This Week's Rig Count

Note: this week's rig count includes 8 days, since last week's report was released on Thursday in advance of the Good Friday...nonetheless, the rig count rose for the 27th time over the past 30 weeks during the week ending April 9th, but it still remains down by 45.5% from the pre-pandemic rig count....Baker Hughes reported that the total count of rotary rigs running in the US was up by 2 to 432 rigs this past week, which was still down by 170 rigs from the 602 rigs that were in use as of the April 10th report of 2020, and was 1,497 fewer rigs than the shale era high of 1,929 drilling rigs that were deployed on November 21st of 2014, the week before OPEC began to flood the global oil market in their first attempt to put US shale out of business....

The number of rigs drilling for oil was unchanged at 331 oil rigs this week, after rising by 13 oil rigs the prior week, leaving us with 167 fewer oil rigs than were running a year ago, and 20.6% of the recent high of 1609 rigs that were drilling for oil on October 10th, 2014....at the same time, the number of drilling rigs targeting natural gas bearing formations was up by two to 93 natural gas rigs, which was only down by 3 natural gas rigs from the 96 natural gas rigs that were drilling a year ago, but still just 5.8% of the modern era high of 1,606 rigs targeting natural gas that were deployed on September 7th, 2008...in addition to those rigs drilling for oil or gas, two rigs classified as 'miscellaneous' continued to drill this week, one in the middle of the Permian basin in MIdland county Texas, and the other in Lake County, California, while a year ago there were also two such "miscellaneous" rigs deployed...

The Gulf of Mexico rig count was down by 3 to 11 rigs this week, with 10 of those rigs drilling for oil in Louisiana's offshore waters and 1 continuing to drill for oil in Alaminos Canyon offshore from Texas...that was 7 fewer Gulf of Mexico rigs than the 18 rigs drilling in the Gulf a year ago, when all 18 Gulf rigs were drilling for oil offshore from Louisiana...since there are no rigs operating off of other US shores at this time, nor were there a year ago, this week's national offshore rig totals are equal to the Gulf rig counts....

The count of active horizontal drilling rigs was up by 3 to 394 horizontal rigs this week, which was still down by 151 rigs from the 545 horizontal rigs that were in use in the US on April 10th of last year, and less than a third of the record of 1372 horizontal rigs that were deployed on November 21st of 2014....meanwhile, the directional rig count was down by one rig to 18 directional rigs this week, and those were also down by 17 from the 35 directional rigs that were operating during the same week a year ago....at the same time, the vertical rig count was unchanged at 20 vertical rigs this week, and those were down by 2 from the 22 vertical rigs that were in use on April 10th of 2020....

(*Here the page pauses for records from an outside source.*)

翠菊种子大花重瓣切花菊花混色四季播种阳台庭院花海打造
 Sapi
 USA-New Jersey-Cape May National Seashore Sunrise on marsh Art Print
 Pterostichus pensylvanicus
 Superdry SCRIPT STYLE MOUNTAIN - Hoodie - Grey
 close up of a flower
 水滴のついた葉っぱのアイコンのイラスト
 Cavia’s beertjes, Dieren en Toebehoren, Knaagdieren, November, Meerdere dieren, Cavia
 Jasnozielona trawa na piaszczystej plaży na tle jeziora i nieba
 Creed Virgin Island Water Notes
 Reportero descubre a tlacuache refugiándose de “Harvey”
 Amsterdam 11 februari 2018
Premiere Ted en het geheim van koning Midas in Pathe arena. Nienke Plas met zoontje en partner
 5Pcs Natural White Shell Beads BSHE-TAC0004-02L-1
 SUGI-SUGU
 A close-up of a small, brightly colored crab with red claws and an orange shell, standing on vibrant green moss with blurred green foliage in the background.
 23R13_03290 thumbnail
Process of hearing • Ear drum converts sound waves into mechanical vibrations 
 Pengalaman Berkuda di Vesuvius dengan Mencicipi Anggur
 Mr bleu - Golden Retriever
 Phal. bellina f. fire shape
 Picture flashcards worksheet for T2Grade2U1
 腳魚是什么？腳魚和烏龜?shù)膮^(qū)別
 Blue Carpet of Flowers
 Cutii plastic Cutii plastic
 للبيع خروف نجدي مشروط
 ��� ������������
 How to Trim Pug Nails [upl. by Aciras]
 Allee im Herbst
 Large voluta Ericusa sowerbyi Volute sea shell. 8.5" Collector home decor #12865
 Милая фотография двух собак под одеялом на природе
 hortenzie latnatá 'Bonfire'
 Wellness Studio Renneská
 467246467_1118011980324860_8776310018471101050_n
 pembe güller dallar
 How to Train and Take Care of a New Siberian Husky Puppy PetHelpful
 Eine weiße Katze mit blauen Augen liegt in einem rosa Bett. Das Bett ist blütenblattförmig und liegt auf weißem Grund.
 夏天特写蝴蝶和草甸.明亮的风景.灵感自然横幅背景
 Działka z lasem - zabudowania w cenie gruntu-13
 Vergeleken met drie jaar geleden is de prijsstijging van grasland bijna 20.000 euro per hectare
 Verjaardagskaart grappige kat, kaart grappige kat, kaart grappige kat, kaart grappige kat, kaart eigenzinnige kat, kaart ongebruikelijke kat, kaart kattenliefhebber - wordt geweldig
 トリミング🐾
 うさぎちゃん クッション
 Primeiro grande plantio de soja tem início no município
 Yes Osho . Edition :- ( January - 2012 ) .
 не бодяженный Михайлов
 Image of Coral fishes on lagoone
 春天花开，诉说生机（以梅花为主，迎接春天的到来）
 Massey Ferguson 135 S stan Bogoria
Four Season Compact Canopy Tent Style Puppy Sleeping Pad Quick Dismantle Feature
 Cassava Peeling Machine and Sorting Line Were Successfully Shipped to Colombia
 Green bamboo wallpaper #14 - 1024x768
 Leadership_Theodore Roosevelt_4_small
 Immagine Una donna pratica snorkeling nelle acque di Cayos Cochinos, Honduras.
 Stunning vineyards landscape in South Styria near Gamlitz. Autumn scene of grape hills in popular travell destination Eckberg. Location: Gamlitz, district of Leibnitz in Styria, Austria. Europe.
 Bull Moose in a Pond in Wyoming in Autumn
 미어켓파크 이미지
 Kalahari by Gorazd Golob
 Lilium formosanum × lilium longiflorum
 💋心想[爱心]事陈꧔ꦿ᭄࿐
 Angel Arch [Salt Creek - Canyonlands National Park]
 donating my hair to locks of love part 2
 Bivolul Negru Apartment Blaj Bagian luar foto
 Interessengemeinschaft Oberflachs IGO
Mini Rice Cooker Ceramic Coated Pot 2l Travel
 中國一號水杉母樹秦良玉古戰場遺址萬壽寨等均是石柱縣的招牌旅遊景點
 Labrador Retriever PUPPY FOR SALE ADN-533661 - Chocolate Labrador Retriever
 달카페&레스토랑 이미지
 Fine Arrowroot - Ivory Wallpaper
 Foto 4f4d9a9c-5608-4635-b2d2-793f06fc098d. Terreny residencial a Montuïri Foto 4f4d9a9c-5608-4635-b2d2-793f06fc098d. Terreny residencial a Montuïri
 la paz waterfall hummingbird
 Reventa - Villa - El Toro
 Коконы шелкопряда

The details on this week's changes in drilling activity by state and by major shale basin are shown in our screenshot below of that part of the rig count summary pdf from Baker Hughes that gives us those changes...the first table below shows weekly and year over year rig count changes for the major oil & gas producing states, and the table below that shows the weekly and year over year rig count changes for the major US geological oil and gas basins...in both tables, the first column shows the active rig count as of April 9th, the second column shows the change in the number of working rigs between last week's count (April 1st) and this week's (April 9th) count, the third column shows last week's April 1st active rig count, the 4th column shows the change between the number of rigs running on Friday and the number running on the Friday before the same weekend of a year ago, and the 5th column shows the number of rigs that were drilling at the end of that reporting week a year ago, which in this week’s case was the 10th of April, 2020..    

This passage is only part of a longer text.